Skywatch Line for Wednesday, March 18th, and Thursday, March 19th, 2020

This is the Dudley Observatory Skywatch Line for Wednesday, March 18th, and Thursday, March 19th, written by Louis Suarato.

The 28% illuminated, waning crescent Moon sets at 1:32 p.m. Wednesday, and rises at 4:59 a.m., Thursday. At 8:30 p.m., Venus will be 30 degrees above the western horizon. Venus reaches perihelion on Thursday, its closest distance to the Sun during its annual orbit. Eccentricity measures the degree to which a planet deviates from a circular orbit. An eccentricity of “0” is a circular orbit, and an eccentricity of “1” is a highly elliptical orbit. Venus has the least elliptical orbit of any planet. Venus eccentricity is .007, giving it the least difference in distance between aphelion and perihelion of 910,836 miles. The planet with the highest eccentricity is Mercury with a degree of 0.2056. The difference between Mercury’s aphelion and perihelion is 14,873,929 miles. Venus is the slowest rotating planet in the solar system, spinning at only 4 miles per hour. By comparison, Earth rotates about 1,000 miles per hour. Venus is also he only planet to rotate clockwise.

Utilize the dark skies to observe the Andromeda Galaxy approximately 40 degrees to the northwest of Venus. Thursday morning provides an opportunity to see at least three planets and the crescent Moon. Jupiter is the first to rise at 4:07 a.m., followed by Mars 2 minutes later. The two outer planets will be a degree apart. Saturn rises next at 4:29 a.m., followed by the crescent Moon a half hour later. Use binoculars to attempt to see Mercury above the east-southeastern horizon around 6:40 Thursday morning.

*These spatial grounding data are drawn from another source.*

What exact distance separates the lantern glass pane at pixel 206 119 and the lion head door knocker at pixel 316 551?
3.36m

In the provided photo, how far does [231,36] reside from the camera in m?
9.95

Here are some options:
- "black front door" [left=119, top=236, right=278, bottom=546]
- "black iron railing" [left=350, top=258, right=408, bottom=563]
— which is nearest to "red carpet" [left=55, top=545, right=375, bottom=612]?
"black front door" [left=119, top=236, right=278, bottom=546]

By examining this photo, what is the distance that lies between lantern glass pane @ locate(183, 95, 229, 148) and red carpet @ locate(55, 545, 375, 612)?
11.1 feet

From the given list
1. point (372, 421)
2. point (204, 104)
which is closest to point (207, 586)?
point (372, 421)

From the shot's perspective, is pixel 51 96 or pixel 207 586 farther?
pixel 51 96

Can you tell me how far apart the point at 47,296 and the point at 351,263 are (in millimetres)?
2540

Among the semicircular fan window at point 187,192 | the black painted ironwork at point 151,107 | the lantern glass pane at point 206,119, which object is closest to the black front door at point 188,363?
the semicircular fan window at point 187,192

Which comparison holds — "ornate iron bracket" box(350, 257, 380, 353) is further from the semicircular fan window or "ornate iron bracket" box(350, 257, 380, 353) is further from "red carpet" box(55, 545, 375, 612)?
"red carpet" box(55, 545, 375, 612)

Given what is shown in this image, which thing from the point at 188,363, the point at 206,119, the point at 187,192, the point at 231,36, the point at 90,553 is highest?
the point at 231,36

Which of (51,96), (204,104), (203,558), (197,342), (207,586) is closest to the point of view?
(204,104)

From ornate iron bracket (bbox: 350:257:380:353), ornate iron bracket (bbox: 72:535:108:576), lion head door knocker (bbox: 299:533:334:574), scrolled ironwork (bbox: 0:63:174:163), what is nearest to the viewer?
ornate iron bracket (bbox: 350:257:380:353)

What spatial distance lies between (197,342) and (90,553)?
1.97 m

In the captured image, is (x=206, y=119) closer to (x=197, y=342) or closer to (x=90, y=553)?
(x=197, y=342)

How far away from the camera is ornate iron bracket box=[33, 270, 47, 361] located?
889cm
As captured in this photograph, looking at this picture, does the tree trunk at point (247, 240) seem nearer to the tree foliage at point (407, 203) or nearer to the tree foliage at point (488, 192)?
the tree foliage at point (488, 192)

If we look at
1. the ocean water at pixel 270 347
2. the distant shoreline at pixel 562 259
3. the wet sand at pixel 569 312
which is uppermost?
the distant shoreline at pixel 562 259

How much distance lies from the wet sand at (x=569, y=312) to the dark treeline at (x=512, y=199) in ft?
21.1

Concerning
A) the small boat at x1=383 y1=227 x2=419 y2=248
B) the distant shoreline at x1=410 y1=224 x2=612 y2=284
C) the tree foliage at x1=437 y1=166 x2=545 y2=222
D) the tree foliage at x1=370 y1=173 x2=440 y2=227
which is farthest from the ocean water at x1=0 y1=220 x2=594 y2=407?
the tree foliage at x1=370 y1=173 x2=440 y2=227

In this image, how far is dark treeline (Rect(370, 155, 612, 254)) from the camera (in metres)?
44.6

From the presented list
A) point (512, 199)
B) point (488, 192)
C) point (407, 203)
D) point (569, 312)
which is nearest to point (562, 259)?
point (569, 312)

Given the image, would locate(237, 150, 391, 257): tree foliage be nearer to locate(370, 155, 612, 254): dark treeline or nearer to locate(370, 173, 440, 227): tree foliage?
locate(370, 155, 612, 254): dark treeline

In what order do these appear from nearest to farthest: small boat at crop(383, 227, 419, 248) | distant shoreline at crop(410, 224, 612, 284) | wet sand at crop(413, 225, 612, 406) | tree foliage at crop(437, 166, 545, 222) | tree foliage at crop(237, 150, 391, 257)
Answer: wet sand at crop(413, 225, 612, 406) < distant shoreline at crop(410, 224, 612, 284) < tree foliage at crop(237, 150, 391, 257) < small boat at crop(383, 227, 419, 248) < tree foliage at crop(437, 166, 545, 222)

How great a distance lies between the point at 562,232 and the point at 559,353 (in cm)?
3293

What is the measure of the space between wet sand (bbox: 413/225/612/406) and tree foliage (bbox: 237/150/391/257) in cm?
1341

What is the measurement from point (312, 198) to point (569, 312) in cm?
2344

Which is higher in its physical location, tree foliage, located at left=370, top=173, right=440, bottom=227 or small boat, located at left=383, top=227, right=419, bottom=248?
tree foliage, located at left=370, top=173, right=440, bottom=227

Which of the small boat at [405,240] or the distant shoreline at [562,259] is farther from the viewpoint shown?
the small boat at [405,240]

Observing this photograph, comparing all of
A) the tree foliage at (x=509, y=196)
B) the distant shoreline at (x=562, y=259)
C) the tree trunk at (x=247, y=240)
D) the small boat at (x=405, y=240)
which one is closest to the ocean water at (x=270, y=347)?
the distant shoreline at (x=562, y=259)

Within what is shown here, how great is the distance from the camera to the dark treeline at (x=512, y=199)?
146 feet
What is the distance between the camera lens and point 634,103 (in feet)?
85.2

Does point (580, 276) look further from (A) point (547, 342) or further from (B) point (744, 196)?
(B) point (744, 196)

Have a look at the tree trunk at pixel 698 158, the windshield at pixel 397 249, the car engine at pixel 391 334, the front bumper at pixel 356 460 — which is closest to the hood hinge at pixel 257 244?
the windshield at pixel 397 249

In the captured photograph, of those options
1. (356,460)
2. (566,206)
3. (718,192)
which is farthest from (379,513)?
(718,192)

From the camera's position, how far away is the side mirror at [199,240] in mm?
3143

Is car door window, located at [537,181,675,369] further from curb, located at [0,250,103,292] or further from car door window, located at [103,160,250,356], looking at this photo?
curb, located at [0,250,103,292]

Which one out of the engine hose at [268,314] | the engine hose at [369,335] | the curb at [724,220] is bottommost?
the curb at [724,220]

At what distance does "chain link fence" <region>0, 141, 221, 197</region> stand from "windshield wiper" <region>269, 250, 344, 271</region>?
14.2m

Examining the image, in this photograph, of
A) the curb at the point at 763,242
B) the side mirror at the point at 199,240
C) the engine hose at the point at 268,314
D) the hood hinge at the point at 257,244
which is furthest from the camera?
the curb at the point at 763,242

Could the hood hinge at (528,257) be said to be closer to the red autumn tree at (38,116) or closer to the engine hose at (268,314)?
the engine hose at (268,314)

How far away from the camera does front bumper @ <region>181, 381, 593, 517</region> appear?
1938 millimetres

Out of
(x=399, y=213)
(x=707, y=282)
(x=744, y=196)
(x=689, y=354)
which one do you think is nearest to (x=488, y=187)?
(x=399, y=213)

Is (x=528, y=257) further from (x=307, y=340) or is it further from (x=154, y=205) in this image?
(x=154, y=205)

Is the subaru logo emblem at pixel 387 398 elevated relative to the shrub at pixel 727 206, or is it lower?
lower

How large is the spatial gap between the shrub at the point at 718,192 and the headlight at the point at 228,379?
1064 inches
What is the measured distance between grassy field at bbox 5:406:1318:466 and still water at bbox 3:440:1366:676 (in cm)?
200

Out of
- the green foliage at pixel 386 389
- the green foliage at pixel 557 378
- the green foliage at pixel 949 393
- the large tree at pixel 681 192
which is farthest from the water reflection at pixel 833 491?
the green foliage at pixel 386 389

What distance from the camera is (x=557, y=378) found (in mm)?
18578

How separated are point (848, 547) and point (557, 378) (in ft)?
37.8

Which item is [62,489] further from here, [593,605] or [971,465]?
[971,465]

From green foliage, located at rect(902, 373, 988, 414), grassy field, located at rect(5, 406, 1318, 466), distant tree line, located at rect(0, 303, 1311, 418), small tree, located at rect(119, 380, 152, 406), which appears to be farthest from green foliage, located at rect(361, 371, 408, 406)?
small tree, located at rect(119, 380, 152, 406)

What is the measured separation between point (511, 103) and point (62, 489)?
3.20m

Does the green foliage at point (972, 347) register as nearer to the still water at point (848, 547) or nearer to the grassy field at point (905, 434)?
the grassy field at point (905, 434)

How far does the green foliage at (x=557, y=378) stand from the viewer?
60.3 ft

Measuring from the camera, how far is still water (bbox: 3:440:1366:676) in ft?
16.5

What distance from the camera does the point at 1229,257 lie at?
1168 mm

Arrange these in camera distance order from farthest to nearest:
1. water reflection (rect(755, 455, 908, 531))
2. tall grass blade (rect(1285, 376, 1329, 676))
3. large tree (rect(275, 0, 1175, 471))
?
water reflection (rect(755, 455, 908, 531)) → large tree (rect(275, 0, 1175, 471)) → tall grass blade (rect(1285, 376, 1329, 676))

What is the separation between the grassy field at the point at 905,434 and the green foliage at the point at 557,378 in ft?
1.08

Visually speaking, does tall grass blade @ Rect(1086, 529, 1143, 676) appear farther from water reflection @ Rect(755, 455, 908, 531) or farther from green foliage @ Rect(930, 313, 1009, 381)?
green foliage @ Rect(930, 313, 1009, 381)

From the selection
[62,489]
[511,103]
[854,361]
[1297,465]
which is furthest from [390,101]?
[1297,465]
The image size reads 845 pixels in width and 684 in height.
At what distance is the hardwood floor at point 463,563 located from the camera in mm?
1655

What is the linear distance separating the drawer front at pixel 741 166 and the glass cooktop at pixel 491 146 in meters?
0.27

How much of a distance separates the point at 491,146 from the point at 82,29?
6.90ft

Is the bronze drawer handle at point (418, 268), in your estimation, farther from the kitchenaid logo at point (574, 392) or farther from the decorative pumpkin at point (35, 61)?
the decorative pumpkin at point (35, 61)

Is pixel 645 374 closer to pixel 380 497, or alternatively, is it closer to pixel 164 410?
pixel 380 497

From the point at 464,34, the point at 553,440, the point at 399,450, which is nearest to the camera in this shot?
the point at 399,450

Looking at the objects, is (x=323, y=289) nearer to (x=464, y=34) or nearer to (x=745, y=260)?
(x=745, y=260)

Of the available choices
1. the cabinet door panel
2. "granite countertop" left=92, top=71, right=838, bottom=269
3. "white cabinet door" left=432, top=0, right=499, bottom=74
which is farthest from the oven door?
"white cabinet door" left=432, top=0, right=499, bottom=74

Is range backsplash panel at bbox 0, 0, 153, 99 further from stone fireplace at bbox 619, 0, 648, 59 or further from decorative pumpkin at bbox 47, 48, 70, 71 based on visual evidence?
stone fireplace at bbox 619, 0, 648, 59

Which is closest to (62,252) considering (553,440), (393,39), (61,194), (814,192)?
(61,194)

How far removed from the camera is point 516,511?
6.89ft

The vernal equinox, or astronomical spring, occurs in the northern hemisphere at 11:50 p.m. Thursday. During the equinox, the Sun crosses the extension of Earth’s celestial equator going from the southern to northern hemisphere. The word equinox translates to equal night, indicating the time of year when, at the equator, the number of daylight hours equal the number of nighttime hours. This is also the time when the terminator on Earth is perpendicular to the equator, equally illuminating both southern and northern hemispheres. The equinox is the only time when the Sun rises in one rotational pole, and sets in another, temporarily putting both poles in daylight. The vernal equinox is also the time when the northern hemisphere begins to tilt toward the Sun, shortening the distance between the Sun’s rays and Earth, and gradually warming the northern hemisphere.